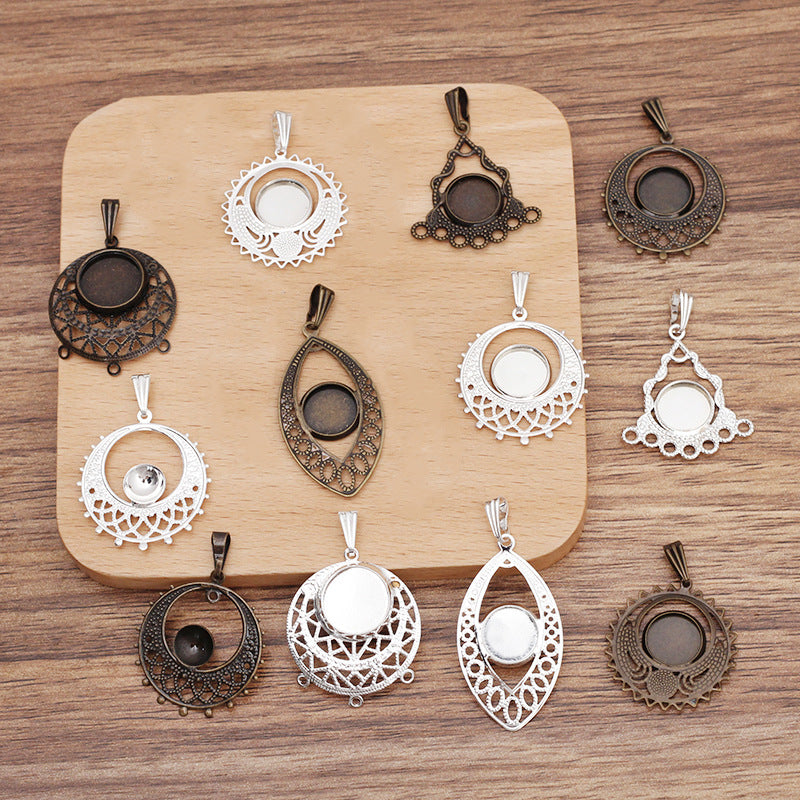 200 Floral Charm Pendant 18KGP 8mm 10mm 12mm Round Cabochon Blank Base Gemstone Piece Setting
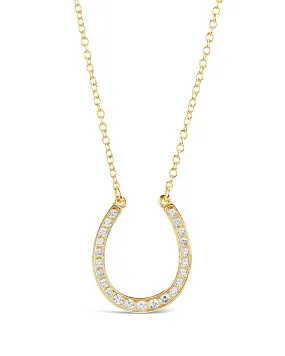 CZ Horseshoe Pendant Necklace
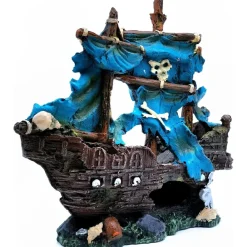 Downypaws - Bateau pirate décoratif pour aquarium New
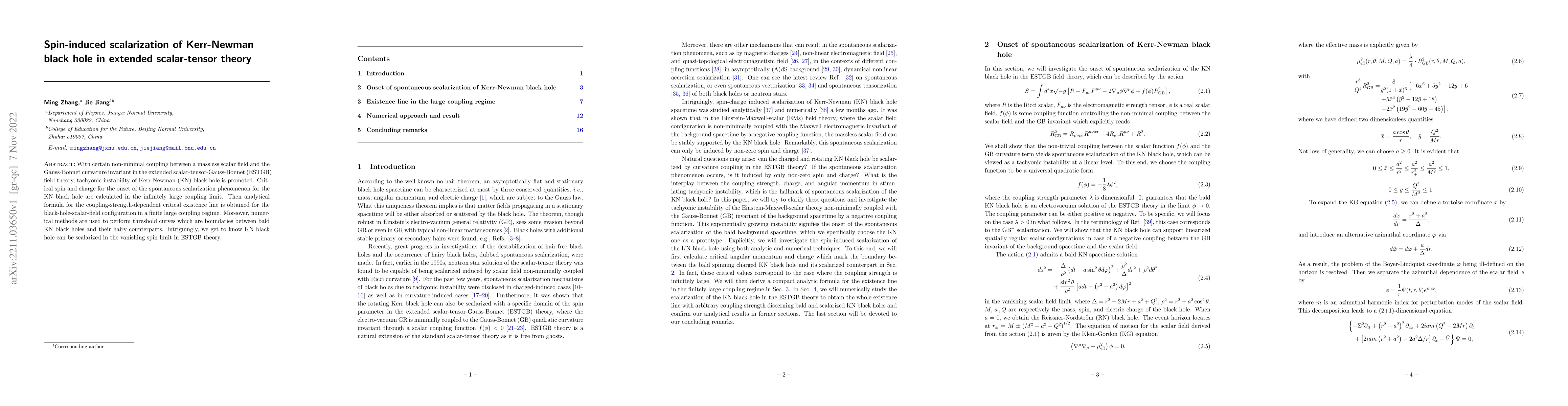 Thumbnail for Spin-induced scalarization of Kerr-Newman black hole in extended
  scalar-tensor theory
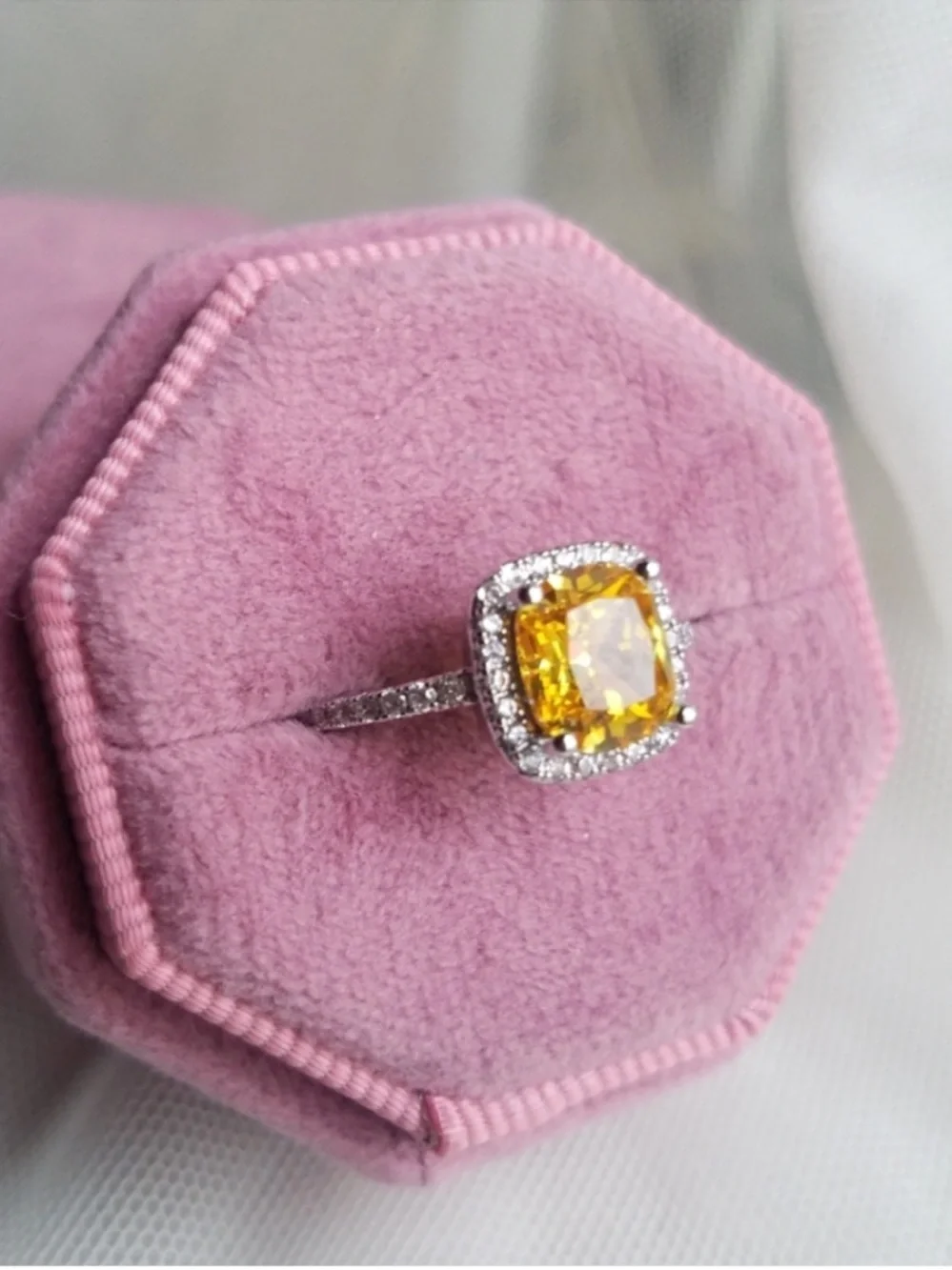 Swarovski Elements 925 Sterling Silver Solitaire Halo Yellow Citrine Ring NEW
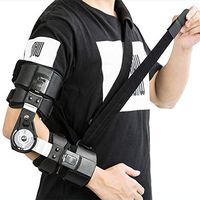 Hinged ROM Elbow Brace with Sling, Adjustable Post OP Elbow Brace Stabilizer Splint Arm Injury Recovery Support (Left Elbow/White dial)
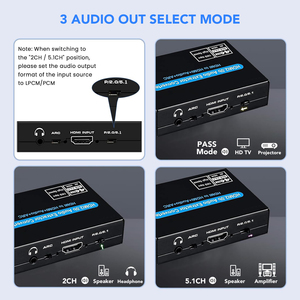 Syong 4K 60Hz hdmi2.0b sang HDMI 2.0b + L/R RCA 3.5mm + <span class=keywords><strong>SPDIF</strong></span> + ARC hdmi2.0b Bộ chuyển đổi trích xuất âm thanh TV/2.0/5.1Ch - Product Image 2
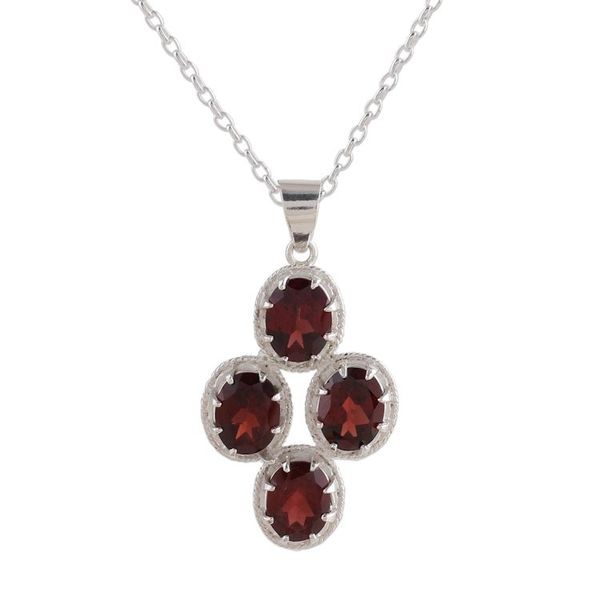 Alternate image for Modern Garnet and Sterling Silver Necklace from India Morning Crimson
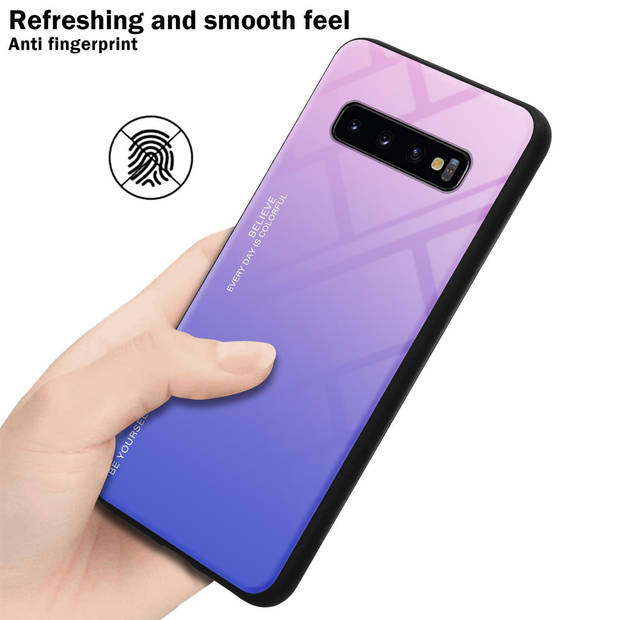 Cadorabo Hoesje geschikt voor Samsung Galaxy S10 PLUS in ROZE - BLAUW - Tweekleurige beschermhoes TPU-silicone Case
------------
What to work on:
For this answer, retype the lines from the start of the listing through the line that holds "Alternate image for", inclusive, exactly and without pictures.

Finished task:
 200 Floral Charm Pendant 18KGP 8mm 10mm 12mm Round Cabochon Blank Base Gemstone Piece Setting
 CZ Horseshoe Pendant Necklace
 Downypaws - Bateau pirate décoratif pour aquarium New
 Thumbnail for Spin-induced scalarization of Kerr-Newman black hole in extended
  scalar-tensor theory
 Swarovski Elements 925 Sterling Silver Solitaire Halo Yellow Citrine Ring NEW
 Hinged ROM Elbow Brace with Sling, Adjustable Post OP Elbow Brace Stabilizer Splint Arm Injury Recovery Support (Left Elbow/White dial)
 Syong 4K 60Hz hdmi2.0b sang HDMI 2.0b + L/R RCA 3.5mm + <span class=keywords><strong>SPDIF</strong></span> + ARC hdmi2.0b Bộ chuyển đổi trích xuất âm thanh TV/2.0/5.1Ch - Product Image 2
 Alternate image for Modern Garnet and Sterling Silver Necklace from India Morning Crimson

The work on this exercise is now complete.